Mechanisms That Determine the Differential Stability of Stx+ and Stx− Lysogens

Phages 933W, BAA2326, 434, and λ are evolutionarily-related temperate lambdoid phages that infect Escherichia coli. Although these are highly-similar phages, BAA2326 and 933W naturally encode Shiga toxin 2 (Stx⁺), but phage 434 and λ do not (Stx(-)). Previous reports suggest that the 933W Stx⁺ prophage forms less stable lysogens in E. coli than does the Stx(-) prophages λ, P22, and 434. The higher spontaneous induction frequency of the Stx⁺ prophage may be correlated with both virulence and dispersion of the Stx2-encoding phage. Here, we examined the hypothesis that lysogen instability is a common feature of Stx⁺ prophages. We found in both the absence and presence of prophage inducers (DNA damaging agents, salts), the Stx⁺ prophages induce at higher frequencies than do Stx(-) prophages.

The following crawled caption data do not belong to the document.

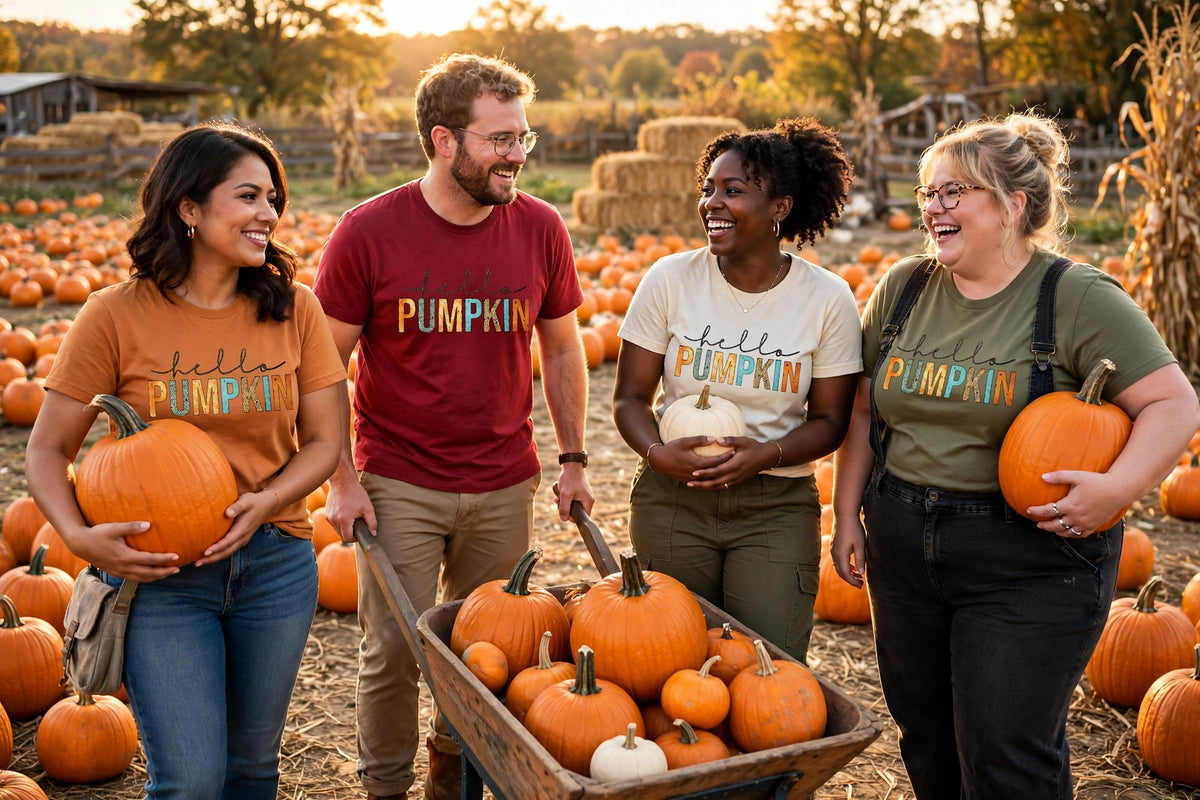 HELLO PUMPKIN 2 T-SHIRT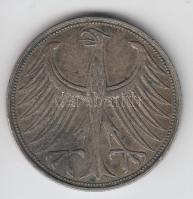 NSZK 1951J 5M Ag T:2-
GFR 1951J 5 Mark Ag C:VF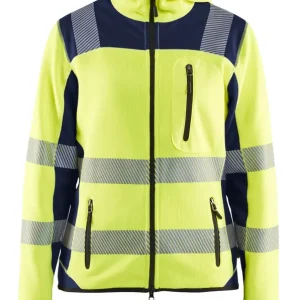 Blakläder Damen HighVis Strickjacke 4967 HighVis gelb/marineblau Größe: 3XL Expressversand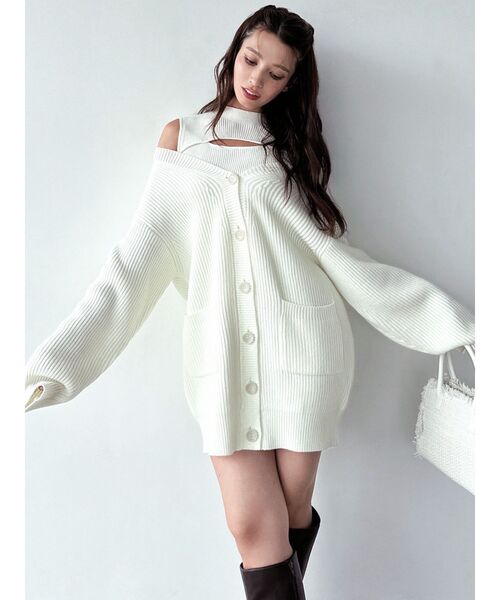 RESEXXY(リゼクシー)の「【ZOZO限定】アンサンブルリブニットワンピース(ワンピース・レディース・ホワイト/ピンク/ベージュ/ブラック・FREE)」の22枚目の写真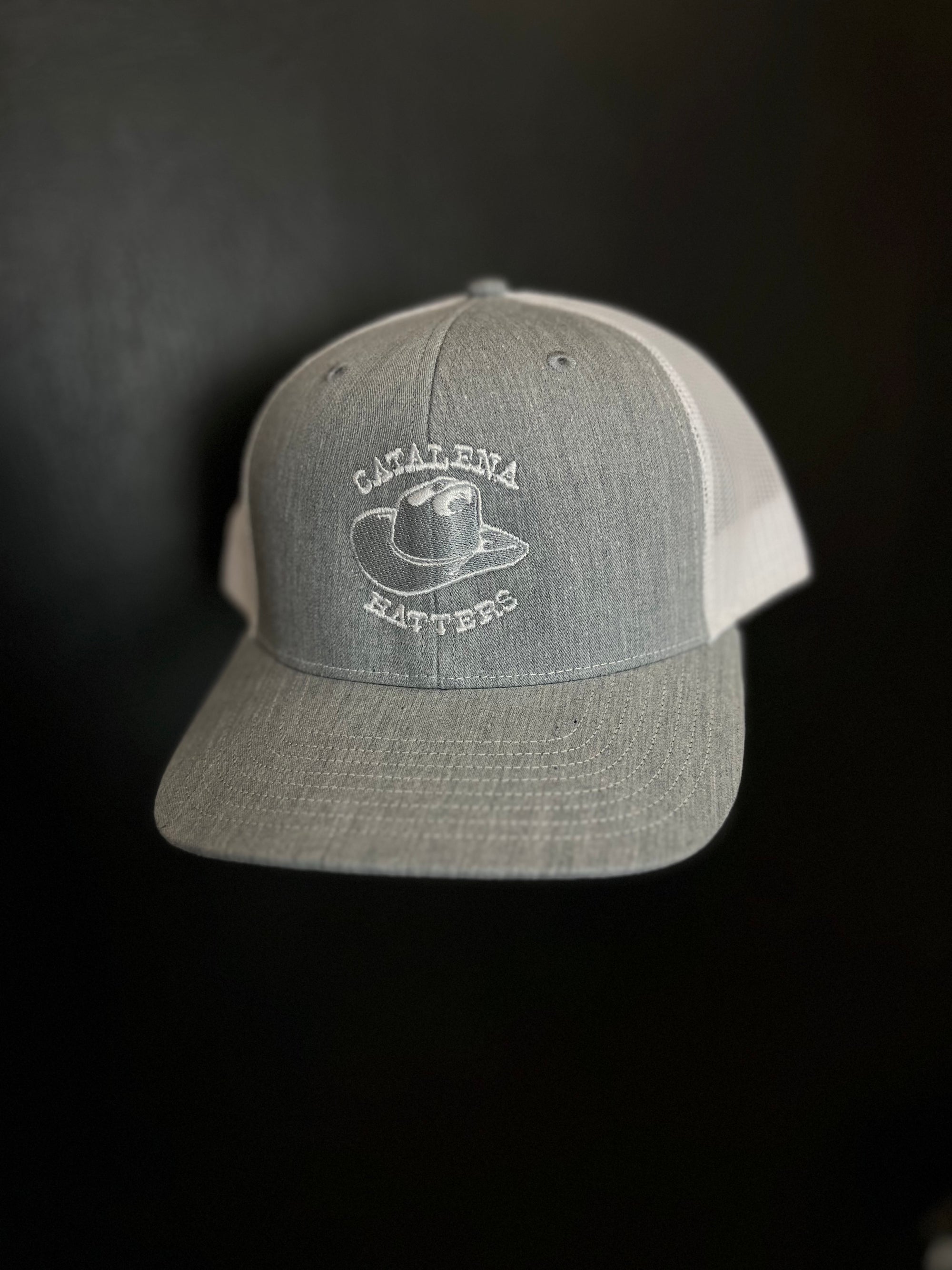 Heather Grey & White Cap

The observed instability of Stx⁺ prophages does not appear to be the result of any differences in phage development properties between Stx⁺ and Stx(-) phages. Our results indicate that differential stability of Stx⁺ and Stx(-) prophages results from both RecA-dependent and RecA-independent effects on the intracellular concentration of the respective cI repressors.